Mamy więc mieszankę bluesa i rocka z dodatkiem czarnych brzmień i jazzu. Przeważają spokojne, średnie tempa i długie kompozycje: najkrótsza ma „tylko” 4 minuty i 11 sekund, większość około sześciu, są i ponad ośmiominutowe. Są lekko przybrudzone gitary i klasyczna, rockowa sekcja rytmiczna, czyli wszystko to, co właściwie nie sprawdza się w popularnych stacjach radiowych.

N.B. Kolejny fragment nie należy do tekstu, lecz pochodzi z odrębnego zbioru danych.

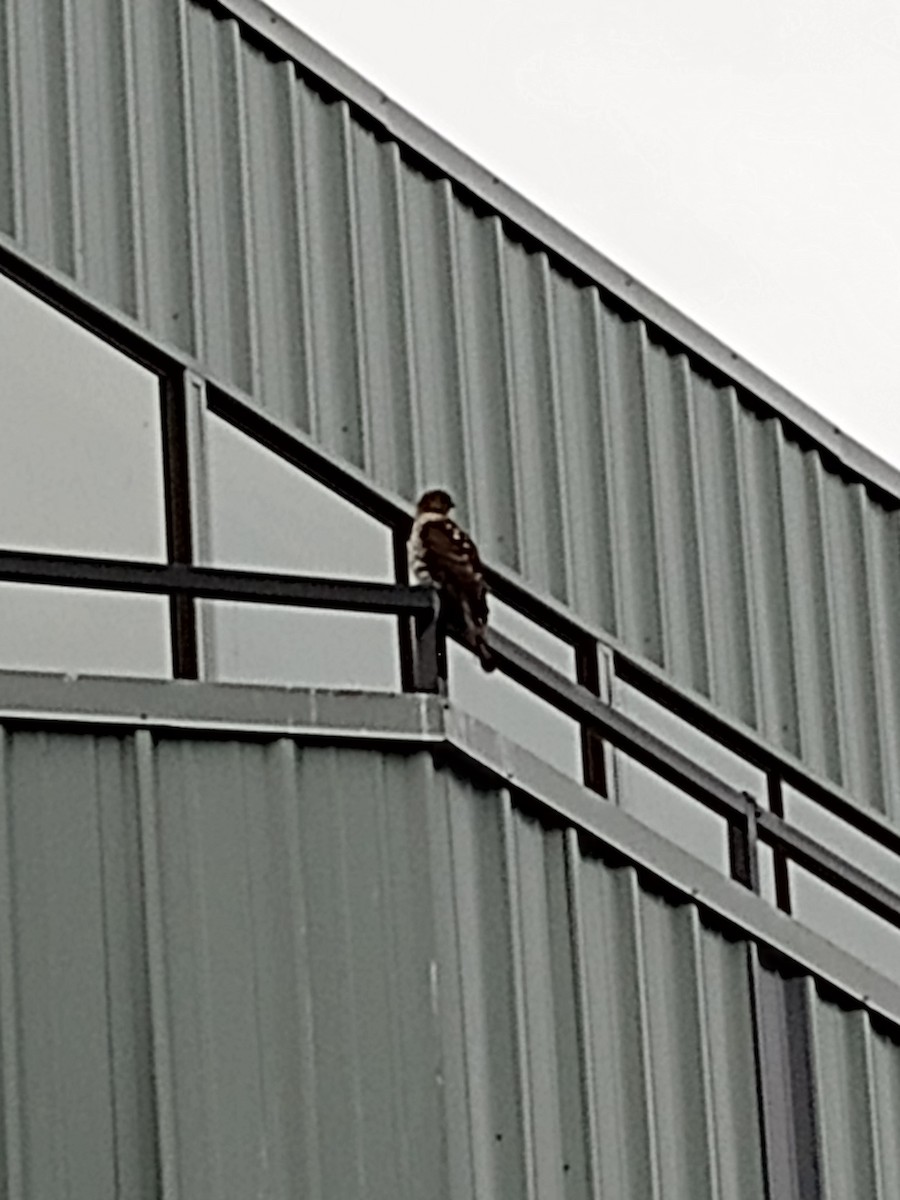 Cooper's Hawk - ML646427267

Bo ten krążek to nie jest mizdrzenie się do masowych mediów i odbiorców, tylko solidne, niczym niewymuszone granie doświadczonych muzyków. No i wszystkie dwanaście numerów to premiery.
DECAPITATED
„ANTICULT”
Nuclear Blast
Vader, Behemoth, Decapitated – ta wielka trójca naszego ciężkiego grania podbija coraz więcej scen poza Polską. Ci ostatni wydali właśnie siódmy album. To nadal techniczny death metal najwyższej próby: są tu rasowy growl wokalisty, precyzyjna, taranująca wszystko sekcja rytmiczna i ciężkie riffy.
Ale to krążek mniej radykalny od poprzednich. Może dlatego, że jest tu trochę melodii („Deathvaluation”), rozbudowane, dłuższe formy („Impulse”, „Never”) i ciekawe partie gitarowe. Oczywiście króluje metalowy cios: jego fanom przypadną do gustu „Anger Line”, „Kill the Cult”, „Earth Scar” i „One Eyed Nation”. A na deser instrumentalny „Amen”.
„Anticult” to niespełna 40 minut muzyki, ale energią i mocą może obdarować kilkanaście kapel. Decapitated nie odłożyli death metalu na półkę, tylko poddali go obróbce. Z bardzo dobrym efektem.